Afortunado este señor Marín, ¿verdad?, al que además de su casa, su coche, su dinero y sus calzoncillos, también le pertenece su mujercita Carmen García. Como afortunada debe de sentirse Carmen García por pertenecer a su maridito y haber pasado de ser un perro sin amo a disponer de un dueño que la cobije y proteja en su hogar, resguardándola de la intemperie. ¿Que a cambio Carmen debe someterse a él? Bueno, ¿no es eso lo que, según se ha dicho, representa su más auténtico deseo? Seguro que, aunque Carmen no ladre, le lleva gustosa las zapatillas cuando el señor Marín vuelva a casa cansado de trabajar.

Por no alargar demasiado el post, obvio otras "perlas" que también merecerían figurar aquí y os remito a un último texto que ya recogió en su blog el veí de dalt, también editado por la Sección Femenina, sobre el correcto comportamiento de una mujer con su marido.
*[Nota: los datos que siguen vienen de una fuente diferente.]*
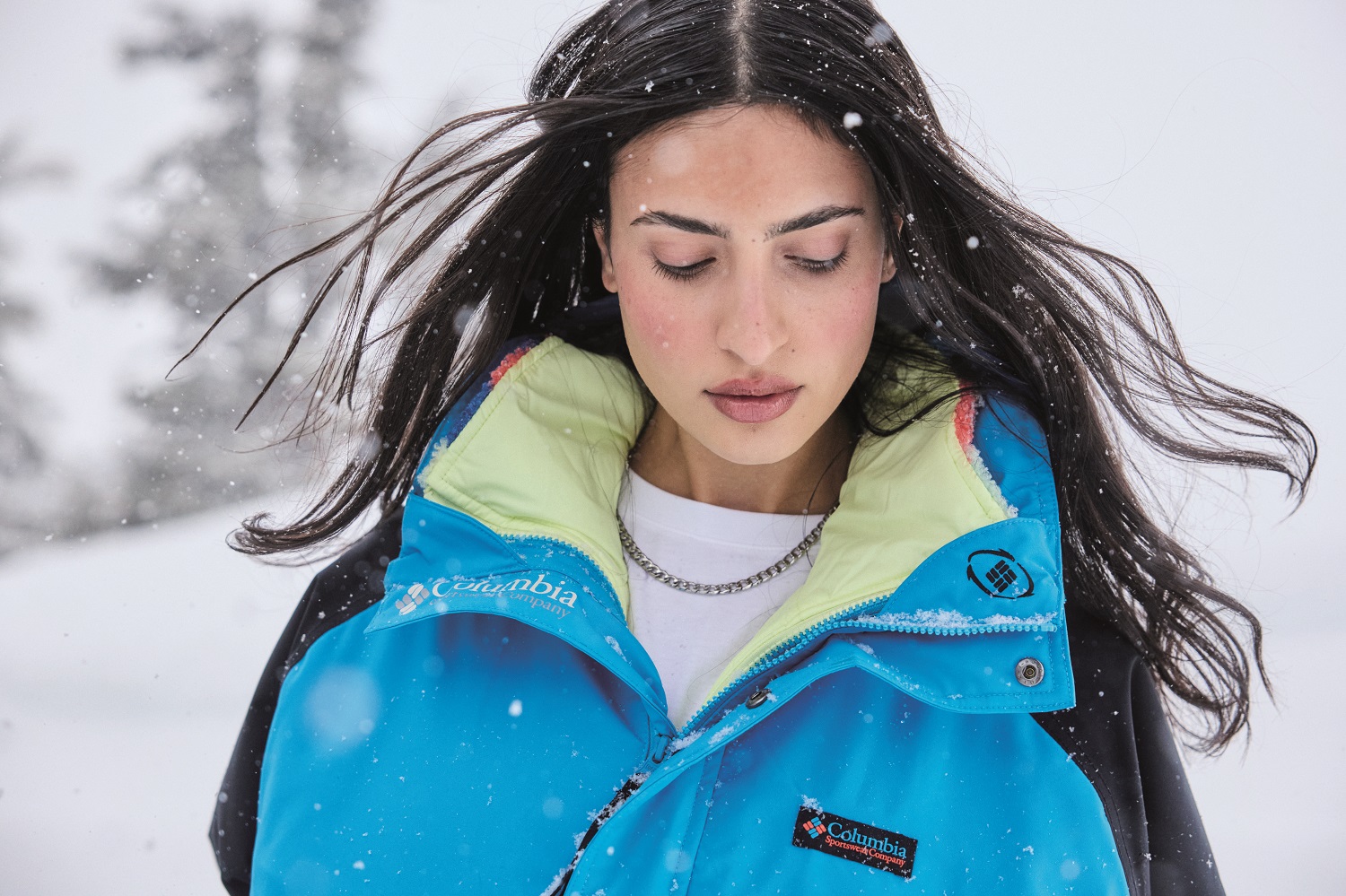 Cette collection Columbia inspir&eacute;e de l&rsquo;Oregon va devenir l&rsquo;alli&eacute;e la plus styl&eacute;e de l&rsquo;hiver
Advierto que es un texto no apto para estómagos delicados. Luego no me digáis que no os avisé.

Algo me inquieta profundamente de todas estas perlas. Quienes leyeron las revistas Medina y Teresa, quienes estudiaron en los colegios los manuales de Bachillerato citados, son una franja de mujeres que actualmente rondará entre los cincuenta y los noventa años. Mujeres que han educado a otros hombres y mujeres que, si bien habitan una realidad social cada vez más dispar con respecto a la que ellas vivieron, han crecido en hogares en los que la compresión del papel de la mujer y de su relación con el hombre transmitida por estas perlas, de una manera más o menos patente, o lo que es aún peor, más o menos larvada, no podía dejar de estar presente.
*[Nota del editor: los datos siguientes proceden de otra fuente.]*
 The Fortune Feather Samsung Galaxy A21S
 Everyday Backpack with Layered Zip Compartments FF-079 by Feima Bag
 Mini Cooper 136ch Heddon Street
¿Sería sensato pensar que las notorias transformaciones sociales de las últimas décadas habrían logrado eliminar todas y cada una de las improntas, leves o no tanto, labradas por esa educación? Personalmente creo que no. Ni aun con la voluntad más consciente y decidida para ello. Porque si bien la verdadera revolución es la que se da en las conciencias, sus estratos más subterraneos no resultan fácilmente accesibles ni se dejan transformar con la misma rapidez que los más superficiales. Una revolución radical de las conciencias requiere, además de esfuerzo, tiempo. Eso sí: para promover la venida de ese tiempo, creo que sólo nos cabe seguir, entre todos, reflexionando, revisando y ahondando en nuestras conciencias.